It’s been three years since the critically acclaimed ‘1999’ was released, but don’t expect the same again from a band that has been described as “the missing link in French dance music”. The previous album, ‘1999’ was recorded during a three-week period in the summer of 1998 and was released the subsequent year. A blend of bass, house and techno ‘1999’ was a seminal album, encapsulating the continental mood of the dance music scene at the time.
But times change and so have Cassius.
They told Crud a few months ago that they had the urge to make a timeless album – and though patently rooted in late seventies, early eighties complex funk, it does indeed to flaunt the usual band curdling drama of period.
A complex, yet organic sounding album ‘Au Reve’ works on many musical levels – and not all of them that far removed from the thumb-happy slapping of Level 42 at a time when they were uncharacteristically authentic and sound judges of direction.
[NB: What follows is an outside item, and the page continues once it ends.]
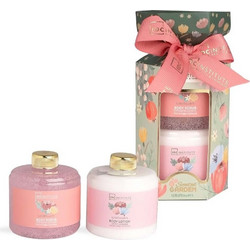 IDC Institute Scented Garden Perfect Body Scrub 100ml + Body Lotion 100ml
From the bass-driven soul of present single ‘Sound of Violence’ (with its mesmerising single shoot video) to the more recognisable techno sounding Cassius on ‘Telephone Love’.
It’s an album that is as subtle as it is chaotic, and though side-stepping the defensive, inexorable kitsch-irony of bands like ‘Daft Punk’ and Air, ‘Au-Reve’ provides a cool alternative funk reality: both invoking and dispelling the ghosts of the past.